BETTER FOR YOU BUTTERNUT SQUASH SOUP
Makes 6 big bowls
olive oil cooking spray
2 medium butternut squashes, peeled and diced into 1" cubes
salt and pepper
1 teaspoon pumpkin pie spice
1 package silken tofu
1 teaspoon chipotle sauce (available at WF and most supermarkets, see example)
49 ounces canned low sodium organic chicken broth
1 pound baby spinach
1/2 cup chopped walnuts
1 tablespoon sugar
Preheat oven to 400 degrees
Lay a large sheet of aluminum foil on a cookie sheet. Spray with olive oil. Add butternut squash and sprinkle with salt, pepper, and pumpkin pie spice. Wrap the squash in the foil so it is tightly sealed. Bake for one hour. After an hour of baking unwrap the foil packet and bake for an additional 45 minutes allowing the squash to brown. This step can be done a day or two in advance.

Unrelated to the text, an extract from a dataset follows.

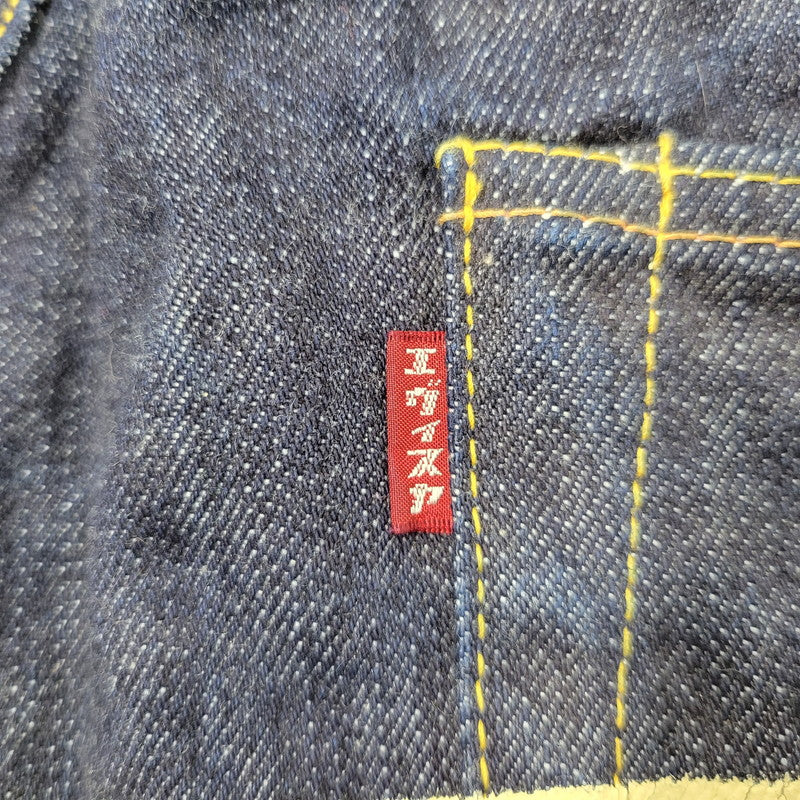 【中古品】【メンズ】 LOT2013 シンチバック 大黒 DOUBLE KNEE PAINT DENIM PANTS ダブルニー ペイント デニム パンツ 156-260302-kh-12-izu サイズ：40×35 カラー：インディゴ 万代Net店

In a large pot add the roasted butternut squash, silken tofu, chipotle sauce, and 2 cups of broth. Using an immersion blender, blend until smooth (this can also be done in a traditional blender in batches). Once smooth add additional chicken broth until you reach your desired consistency. Allow to come to a simmer over a medium flame, stirring occasionally. Add spinach and continue to simmer until spinach is fully wilted. Remove from heat. Season with salt and pepper to taste.
Toast walnuts over medium heat in a dry saute pan (smallest one you have). In a small bowl dissolve the sugar in a couple tablespoons of boiling water. Once walnuts a fragrant (but not burnt) add the sugar water to the pan. Stir over medium heat until the water has evaporated and the nuts are dry. Remove from heat.
Ladle the soup into a bowl and top with a tablespoon of nuts. I served this soup with maple syrup infused cream on the side for my non-dieting hubby to stir in at his discretion. (To make the maple syrup infused cream simply bring a 1/3 cup of heavy cream and 2 tablespoons of pure maple syrup to a simmer).